Work instruction
Copy the following data exactly and drop the pictures.

Source data

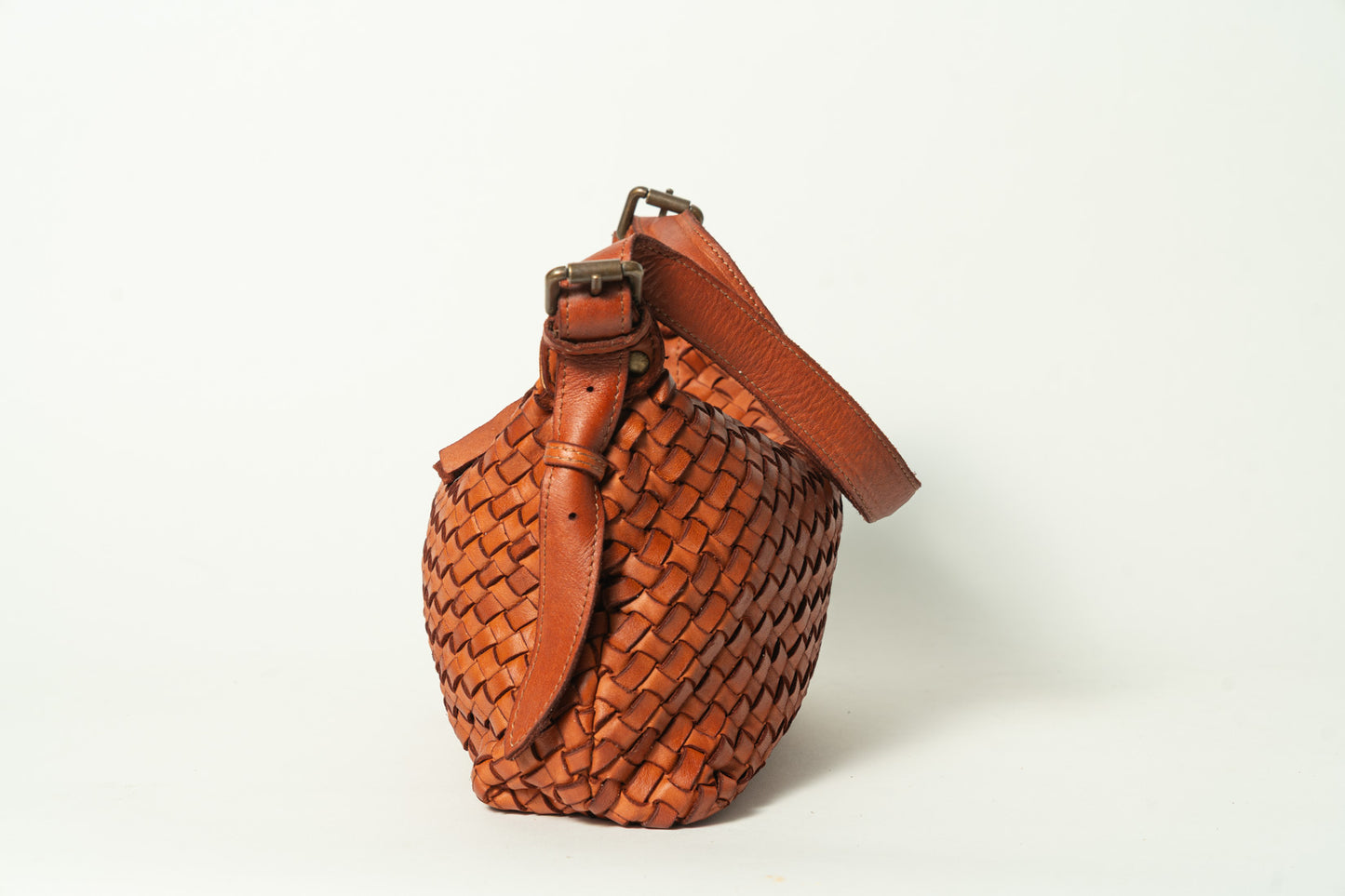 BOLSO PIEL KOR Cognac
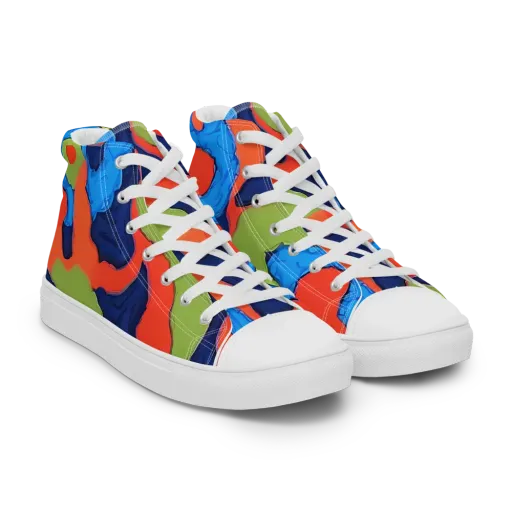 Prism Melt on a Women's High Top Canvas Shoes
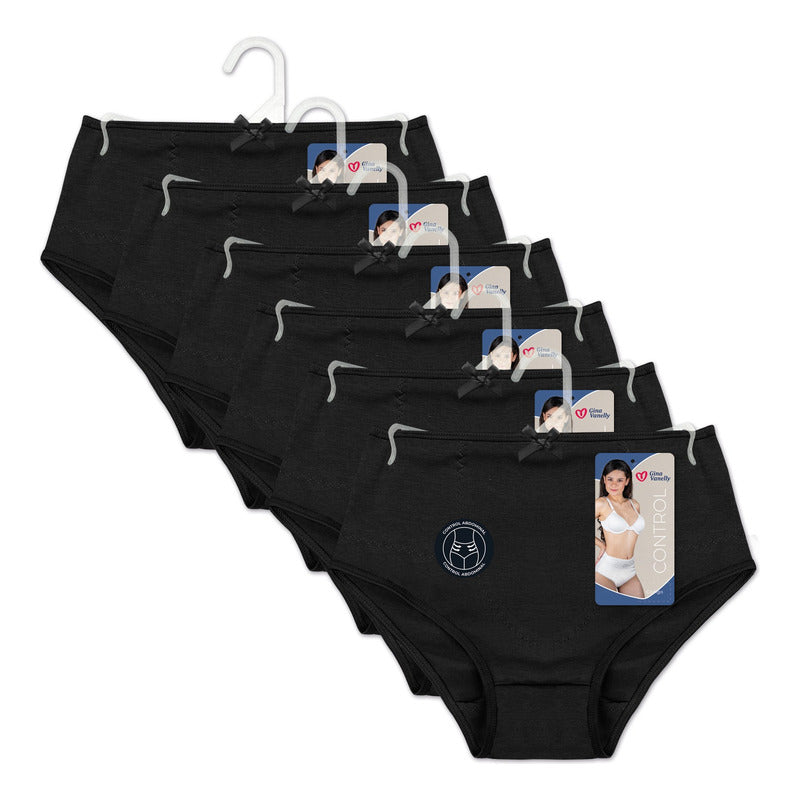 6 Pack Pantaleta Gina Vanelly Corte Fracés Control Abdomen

Answer to this problem
 BOLSO PIEL KOR Cognac
 Prism Melt on a Women's High Top Canvas Shoes
 6 Pack Pantaleta Gina Vanelly Corte Fracés Control Abdomen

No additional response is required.